Yes, every editcount, regardless of what one is looking for, is the same request. If a user wants to find the edit summary usage of another user throughout his *entire* editing history, it's still the same number of hits to /w/index.php?title=Special:Contributions&limit=5000 from a scraper than to request a user's raw edit count. Since there aren't that many users who want to know the minor edit usage of an editor with 75,000 edits (only RFA and RFB in en.wp comes to mind), but there are more that want to see that the editor indeed has 75,000 revisions to his credit, there's where the problem lies.
A total editcount can be calculated by a simple database lookup to $wgDBname_user.user_editcount; for those who want to know whether they're close to making their 1000th edit or whatever, making a SELECT of 1000 revisions is overkill. While some smart edit counters have a built-in memory and store revisions in an internal database, the most popular ones do not. The number of requests for a relatively-new user is indeed the same: one. However, again, making a SELECT query for the user's row is much faster, and much less expensive, than a SELECT on the revision table for tons of revisions.
I'd be interested in seeing this enabled, and measuring how many times the 5000-revision requests on Special:Contributions drop. That would be the best estimate as to the impact of scrapers on the site.
-----Original Message----- From: Simetrical [mailto:Simetrical+wikilist@gmail.com] Sent: Monday, February 26, 2007 6:37 PM To: Wikimedia developers Subject: Re: [Wikitech-l] Bot edit rates
On 2/26/07, Titoxd@Wikimedia titoxd.wikimedia@gmail.com wrote:
From my experience, for every ten Special:Contributions requests made,
eight
or nine are just to find out the raw edit count, and the rest are used to find namespace distributions, edit summary and minor edit usage. So, displaying user_editcount on Special:Contributions will cause scrape requests to take a substantial hit...
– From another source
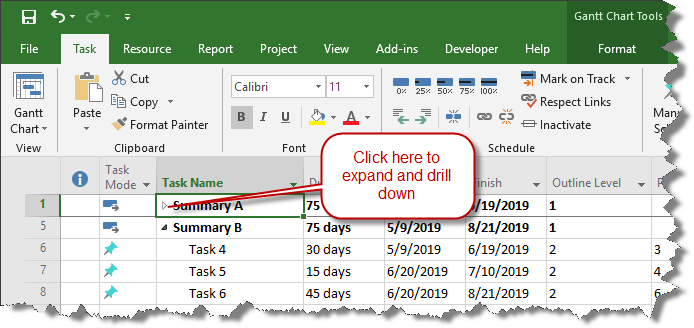 Summary Tasks and Project WBS | Microsoft Project Tips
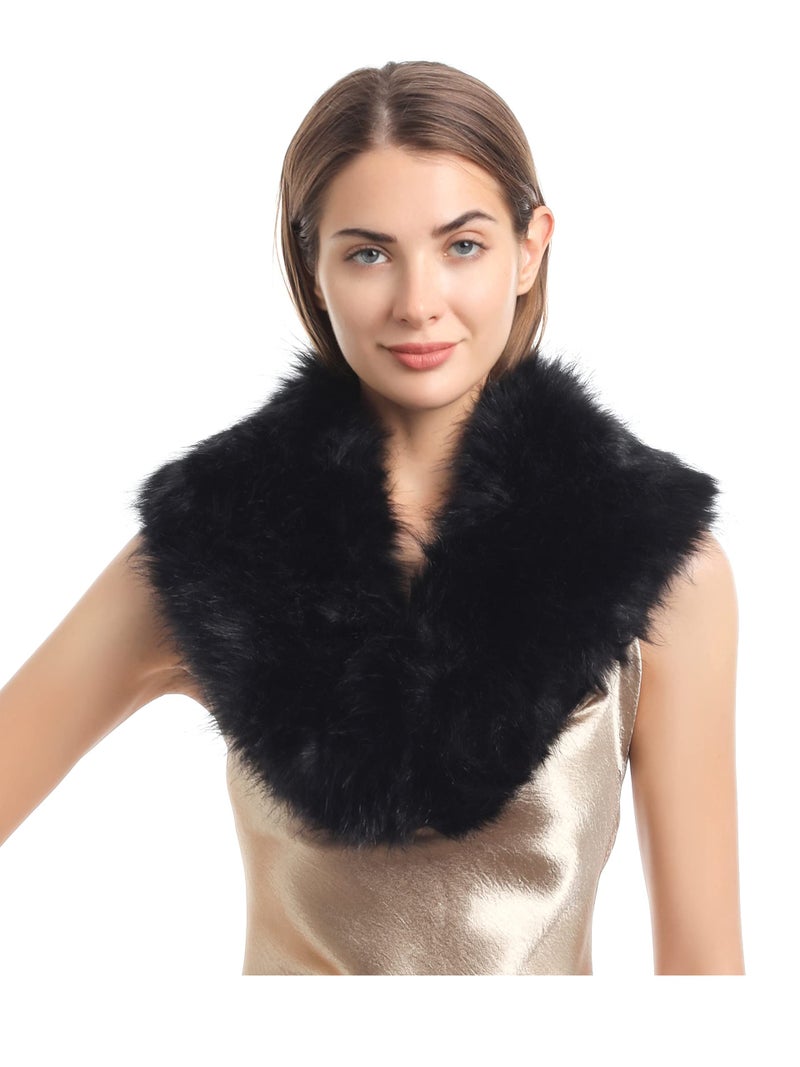 LA CARRIE Women's Faux Fur Collar Scarf Wrap Shawl Cold Winter Warmer(Black) - Image 4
Doesn't any kind of edit count, with or without detailed statistics, require exactly one request per page of contributions? You can't know how many edits the person has without figuring out how many pages there are, but that requires going through every page, which hopefully you've used to scrape all of the contributions into some kind of internal data structure, from which you can then divine whatever statistics you want, no? Is it that statistics only care about the last 1000 edits or whatever, so there's a limit on how many page requests they'll need if not for wanting the full edit count?